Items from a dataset
########
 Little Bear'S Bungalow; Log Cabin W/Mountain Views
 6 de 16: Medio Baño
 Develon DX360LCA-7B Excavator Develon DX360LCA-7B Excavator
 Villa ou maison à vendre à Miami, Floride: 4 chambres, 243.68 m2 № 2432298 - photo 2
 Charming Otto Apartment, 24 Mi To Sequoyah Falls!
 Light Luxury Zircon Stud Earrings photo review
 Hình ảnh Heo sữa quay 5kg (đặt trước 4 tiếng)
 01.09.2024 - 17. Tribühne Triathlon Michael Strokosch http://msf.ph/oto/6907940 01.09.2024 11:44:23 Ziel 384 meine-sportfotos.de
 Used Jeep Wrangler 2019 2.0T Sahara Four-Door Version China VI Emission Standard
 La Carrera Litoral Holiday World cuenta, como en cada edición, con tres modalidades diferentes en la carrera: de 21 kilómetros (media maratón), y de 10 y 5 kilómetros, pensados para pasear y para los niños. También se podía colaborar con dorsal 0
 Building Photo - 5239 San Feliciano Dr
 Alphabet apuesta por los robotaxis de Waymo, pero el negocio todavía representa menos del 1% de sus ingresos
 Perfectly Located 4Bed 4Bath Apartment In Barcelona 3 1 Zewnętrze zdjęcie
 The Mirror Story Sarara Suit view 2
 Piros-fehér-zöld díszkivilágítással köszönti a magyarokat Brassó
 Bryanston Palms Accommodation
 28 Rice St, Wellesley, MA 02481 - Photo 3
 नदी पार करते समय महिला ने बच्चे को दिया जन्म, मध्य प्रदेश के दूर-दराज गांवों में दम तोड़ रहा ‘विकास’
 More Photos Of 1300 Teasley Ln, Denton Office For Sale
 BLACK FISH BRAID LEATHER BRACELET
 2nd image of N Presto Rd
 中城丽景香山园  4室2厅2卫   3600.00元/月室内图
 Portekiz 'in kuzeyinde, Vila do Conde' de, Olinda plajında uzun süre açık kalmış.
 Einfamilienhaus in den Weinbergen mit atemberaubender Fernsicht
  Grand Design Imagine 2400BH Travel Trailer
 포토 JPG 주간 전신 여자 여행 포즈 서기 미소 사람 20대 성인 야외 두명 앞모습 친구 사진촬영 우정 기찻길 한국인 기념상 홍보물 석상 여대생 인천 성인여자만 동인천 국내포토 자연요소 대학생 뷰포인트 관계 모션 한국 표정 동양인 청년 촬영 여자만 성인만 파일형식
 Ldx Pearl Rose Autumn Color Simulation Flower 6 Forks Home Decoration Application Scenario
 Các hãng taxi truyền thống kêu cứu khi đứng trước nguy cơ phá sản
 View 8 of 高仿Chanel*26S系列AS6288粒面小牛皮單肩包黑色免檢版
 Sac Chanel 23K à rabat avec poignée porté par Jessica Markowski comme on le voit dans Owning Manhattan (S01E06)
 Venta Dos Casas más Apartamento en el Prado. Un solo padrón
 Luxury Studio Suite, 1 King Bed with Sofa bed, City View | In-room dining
########
# TASK STATEMENT
Please transcribe exactly the line containing "Các hãng taxi" and every line after it to the end of the data, and no other lines.

# ANSWER BOX
 Các hãng taxi truyền thống kêu cứu khi đứng trước nguy cơ phá sản
 View 8 of 高仿Chanel*26S系列AS6288粒面小牛皮單肩包黑色免檢版
 Sac Chanel 23K à rabat avec poignée porté par Jessica Markowski comme on le voit dans Owning Manhattan (S01E06)
 Venta Dos Casas más Apartamento en el Prado. Un solo padrón
 Luxury Studio Suite, 1 King Bed with Sofa bed, City View | In-room dining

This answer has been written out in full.